Чувство величайшего облегчения охватило меня. Если уполномоченный меня продержит до двенадцати, до ночного обеда и больше, я имею право совсем не ходить сегодня на работу. Сразу тело почувствовало усталость. Но это была радостная усталость, заныли мускулы.
Я развязал подпояску, расстегнул бушлат и сел около печки. Сразу стало тепло, и зашевелились вши под гимнастеркой. Обкусанными ногтями я почесал шею, грудь. И задремал.
– Пора, пора, – тряс меня за плечо дневальный. – Иди – покурить принеси, не забудь.
Я постучал в дверь дома, где жил уполномоченный. Загремели щеколды, замки, множество щеколд и замков, и кто-то невидимый крикнул из-за двери:
– Ты кто?
– Заключенный Андреев по вызову.
Раздался грохот щеколд, звон замков – и все замолкло.
Холод забирался под бушлат, ноги стыли. Я стал колотить буркой о бурку – носили мы не валенки, а стеганые, шитые из старых брюк и телогреек ватные бурки.
Снова загремели щеколды, и двойная дверь открылась, пропуская свет, тепло и музыку.
Я вошел. Дверь из передней в столовую была не закрыта – там играл радиоприемник.
Уполномоченный Романов стоял передо мной. Вернее, я стоял перед ним, а он, низенький, полный, пахнущий духами, подвижный, вертелся вокруг меня, разглядывая мою фигуру черненькими быстрыми глазами.
Запах заключенного дошел до его ноздрей, и он вытащил белоснежный носовой платок и встряхнул его. Волны музыки, тепла, одеколона охватили меня. Главное – тепла. Голландская печка была раскалена.
– Вот и познакомились, – восторженно твердил Романов, передвигаясь вокруг меня и взмахивая душистым платком. – Вот и познакомились. Ну, проходи. – И он открыл дверь в соседнюю комнату – кабинетик с письменным столом, двумя стульями.

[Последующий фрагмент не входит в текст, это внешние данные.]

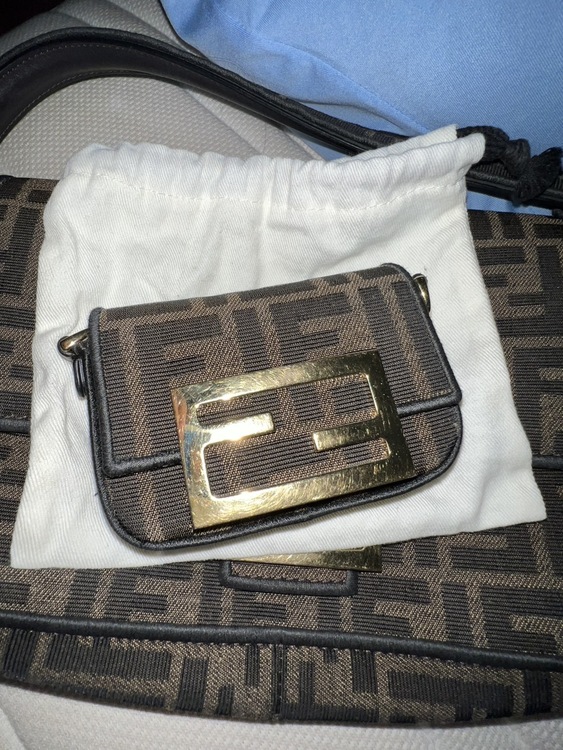 FENDI小型バッグ（ブランドバッグ）の商品画像 - 査定依頼日：2026年1月22日 - 最高査定価格：60,000円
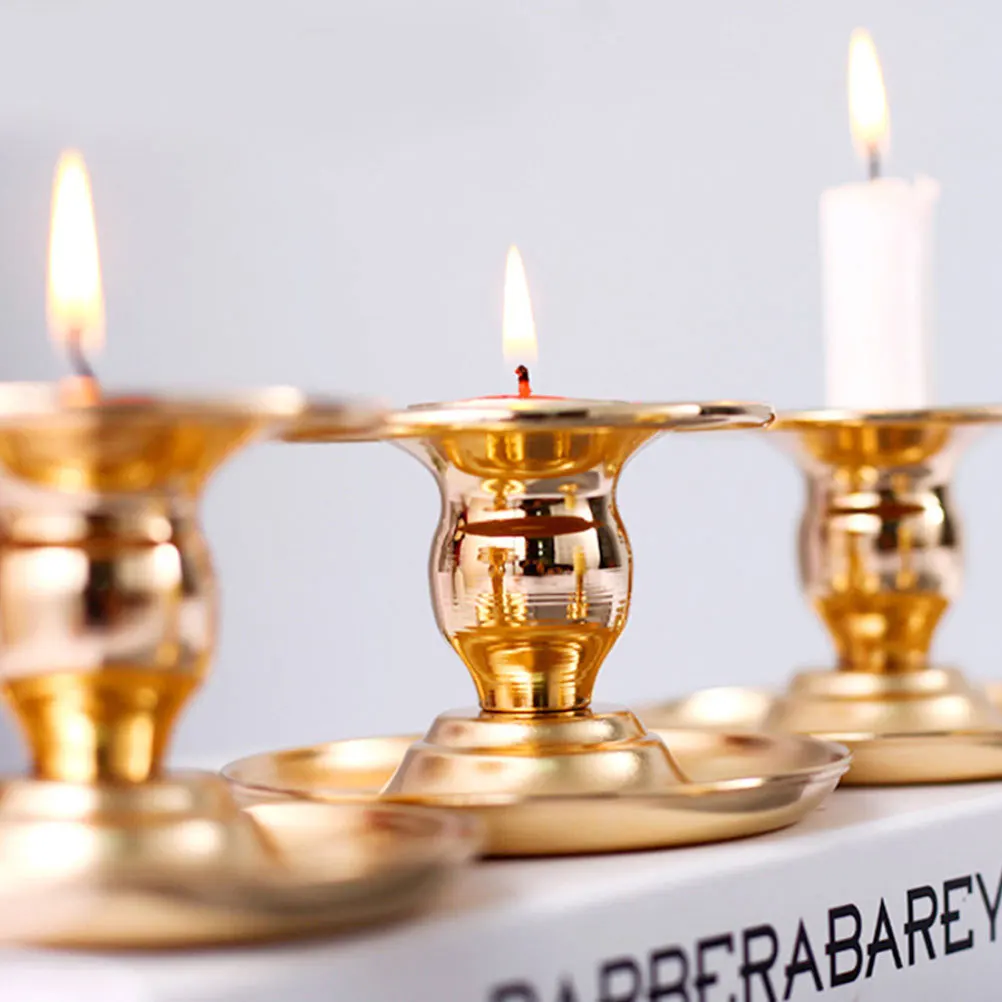 

2Pcs Golden Electroplate Aromatherapy Cups Creative Metal Holders European Style Home Hotel Cafe Decoration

– Садись. Ни за что не угадаешь, зачем я тебя вызвал. Закуривай.
Он порылся в бумагах на столе.
– Как твое имя? Отчество?
Я сказал.
– А год рождения?
– Тысяча девятьсот седьмой.
– Юрист?
– Я, собственно, не юрист, но учился в Московском университете на юридическом во второй половине двадцатых годов.
– Значит, юрист. Вот и отлично. Сейчас ты сиди, я позвоню кое-куда, и мы с тобой поедем.
Романов выскользнул из комнаты, и вскоре в столовой выключили музыку и начался телефонный разговор.
Я задремал, сидя на стуле. Даже сон какой-то начал сниться. Романов то исчезал, то опять возникал.
– Слушай. У тебя есть какие-нибудь вещи в бараке?
– Все со мной.
– Ну, вот и отлично, право, отлично. Машина сейчас придет, и мы с тобой поедем. Знаешь, куда поедем? Не угадаешь! В самый Хаттынах, в управление! Бывал там? Ну, я шучу, шучу…
– Мне все равно.
– Вот и хорошо.
Я переобулся, размял руками пальцы ног, перевернул портянки.
Ходики на стене показывали половину двенадцатого. Даже если все это шутки – насчет Хаттынаха, то все равно, сегодня уже я на работу не пойду.
Загудела близко машина, и свет фар скользнул по ставням и задел потолок кабинета.
– Поехали, поехали.
Романов был в белом полушубке, в якутском малахае, расписных торбасах.
Я застегнул бушлат, подпоясался, подержал рукавицы над печкой.
Мы вышли к машине. Полуторатонка с откинутым кузовом.
– Сколько сегодня, Миша? – спросил Романов у шофера.
– Шестьдесят, товарищ уполномоченный. Ночные бригады сняли с работы.
Значит, и наша, шмелевская, дома. Мне не так уж повезло, выходит.